Post by Mixer » Sat Nov 22, 2008 4:30 pm

WHW thanks for raising an interesting thread, FA thanks as well - being able to have a view of how the corporate decisions are made is fascinating.

I happen to work in Australia in the film industry and the debate about piracy and copyright is of particular interest to me.

There are a number of arguments that are often heard in this debate:

‘Freedom of speech’ is often quoted as an excuse for piracy.
‘Large corporations are just profit gouging so it’s OK.’
‘It’s been shown in the USA and I don’t want to pay Foxtel.’

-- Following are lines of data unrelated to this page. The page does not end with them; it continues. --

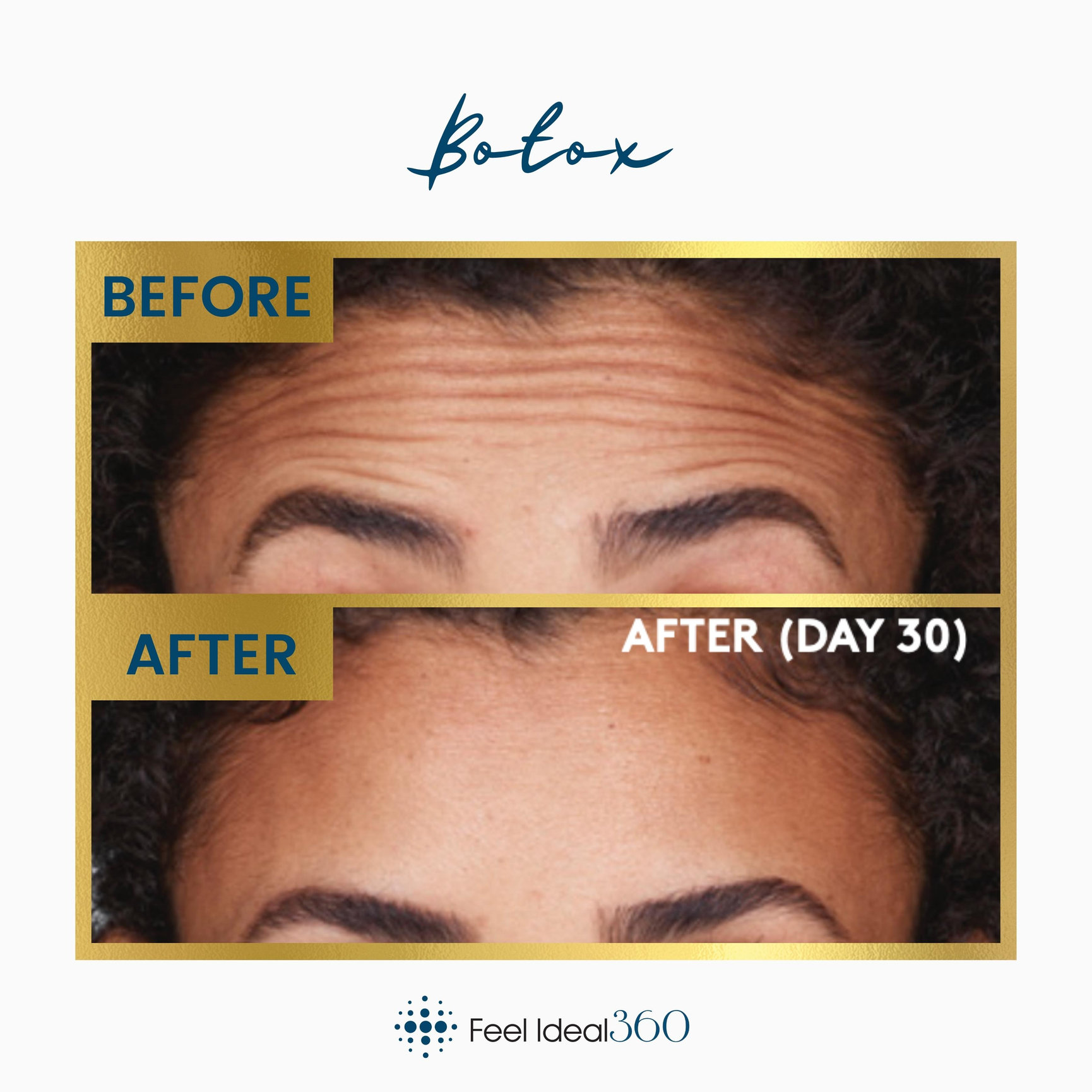 Botox Before And After Feel Ideal 360 Med Spa Southlake Tx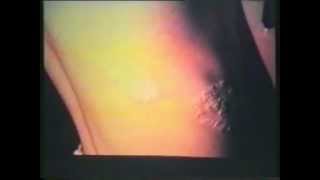 4.1. Semiología Médica de Lasala: El examen físico del abdomen 3/3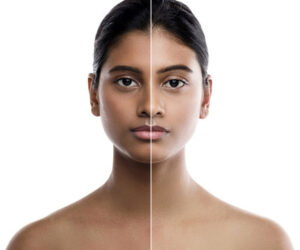 From Dull to Dazzling Skin Whitening That Works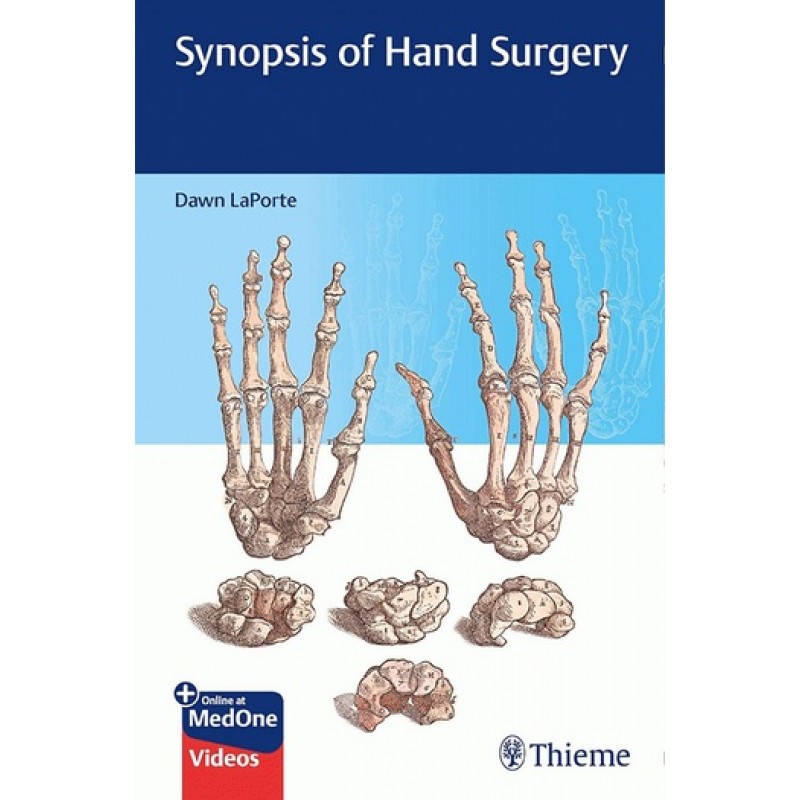Synopsis of Hand Surgery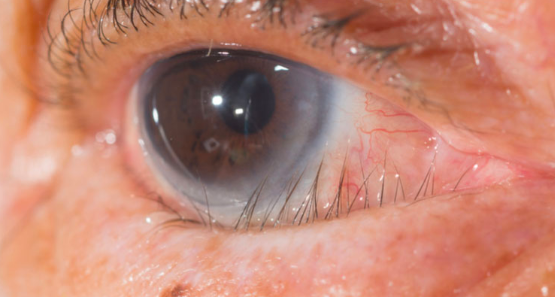 <ul><li><p>associated with <strong>stratified columnar epithelium</strong></p></li><li><p>chronic contagious conjunctivitis characterized by inflammatory granulation on the epithelium surface caused by <strong>Chlamydia Trachomatis</strong></p></li><li><p>eyelash deformities</p></li></ul><p></p>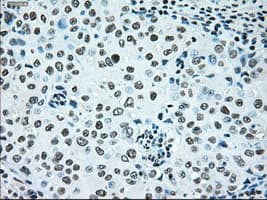 BRAF / B-Raf Antibody (clone OTI4C5)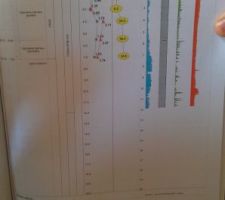 R&eacute;sultat sondage pressiom&eacute;trique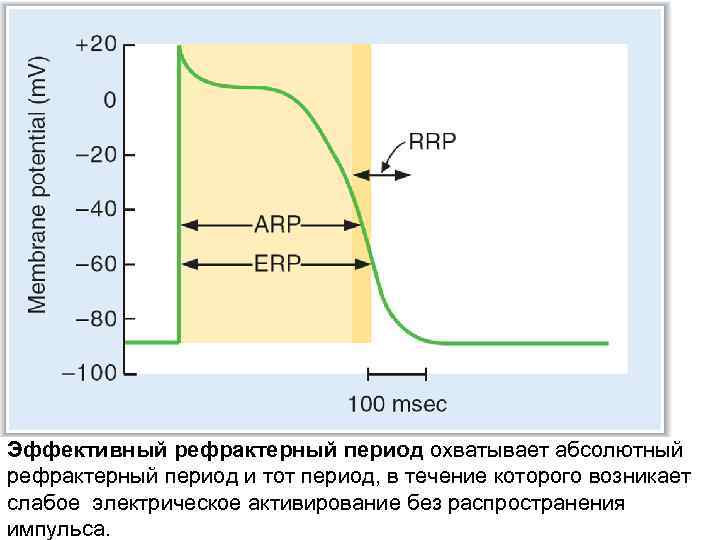 Эффективный рефрактерный период охватывает абсолютный рефрактерный период и тот период, в течение которого возникает
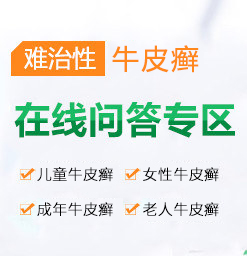 银屑病治疗到正规医院收费合理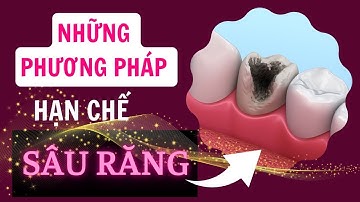 Những phương pháp hạn chế sâu răng | Tt niềng răng quốc tế Diamond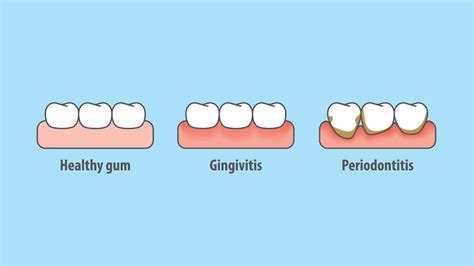 5 Warning Signs Of Gum Disease That You Should Look Out For Nutrition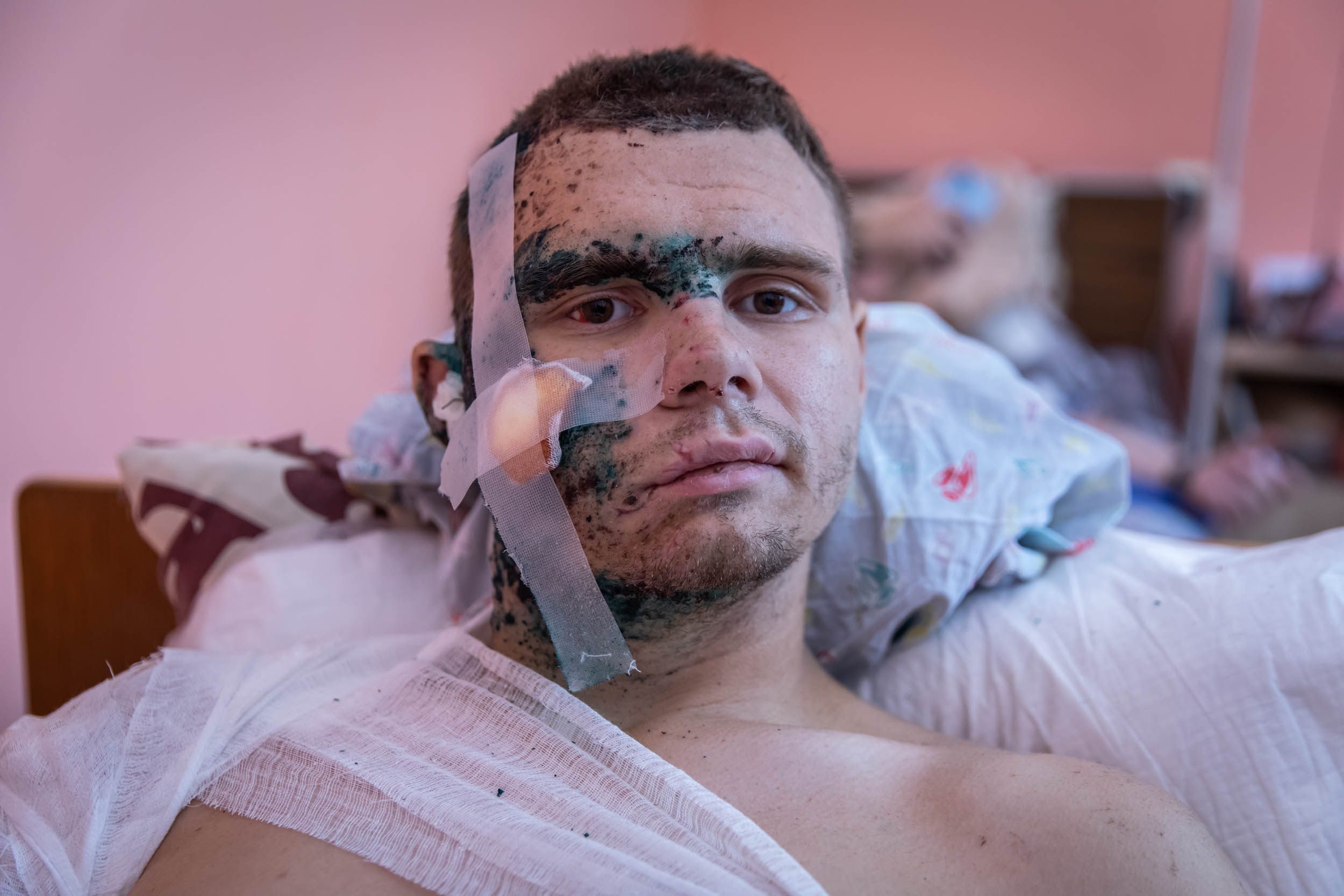 Glyb, injured by a missile while celebrating his graduation at a Black Sea resort.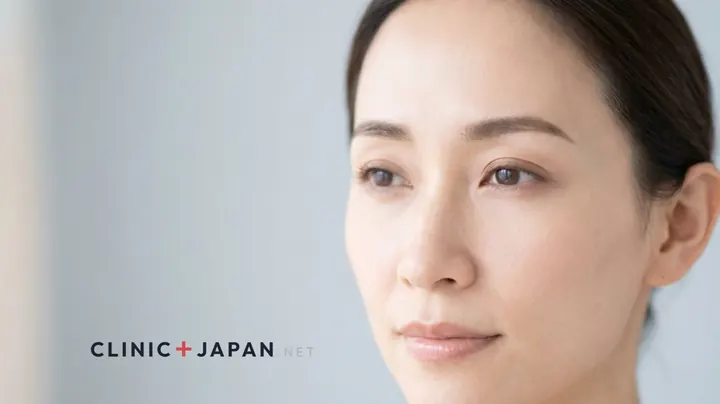 眉間ボトックスの効果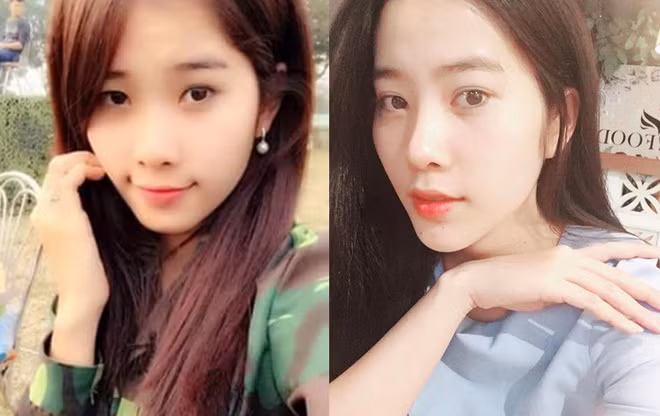 Loạt ảnh "tố" Nam Em rõ ràng đẹp lên nhờ "dao kéo" ảnh 6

I can see an element of truth in every case:

Yes the Internet MUST be completely open and free from censorship.
Yes large corporations can, and often do, make large profits.
Yes it has been shown in the USA by a pay for service provider.

However I’d like to highlight one perspective that is sometimes overlooked in the debate.

The Australian film and TV worker.

I make a living from mixing soundtracks for films.
A while ago I worked on a large Kung Fu movie shot in China and posted in Sydney.
Before we had finished the soundtrack pirates had ripped the movie and had it on the internet and into shonky DVD stores around the globe.
So what?
Well the big joke is that fools have used up GB’s or even real cash to buy a pirated copy, and what for?
A really bad copy of the movie with music and sound effects missing, dialogue out of sync, most of the really good special effects are not there and in most cases the show stops playing three quarters of the way in.
Even worse are the hand held wobble cams with foul sound and vomit inducing vision.

It would be a great joke if not for the fact that a lot of international shows I used to work on are now relocating to ‘safe houses’ in the states, another ozzie job lost.

International Multi nationals are not the ones who get hurt, its the artists and workers, the little guy working at Foxtel who gets layed off because subscriptions are down and downloads are up.

Sharing, ripping, downloading, seeding or whatever some may label it as, breach of copyright is still basically stealing, piracy, theft or fraud.

Currently, thank god, I live in a country where stealing is still a crime.

I applaud Exetel on taking a sensible view of the debate and a realistic approach to complying with the law as it stands.

I do not condone the actions of the major film companies, they should embrace technology and make markets more open and in terms of the courts they should have taken on someone their own size (Sol and his pals), however I really question the pirates and even more the freeloaders who want want want, but will not pay pay pay.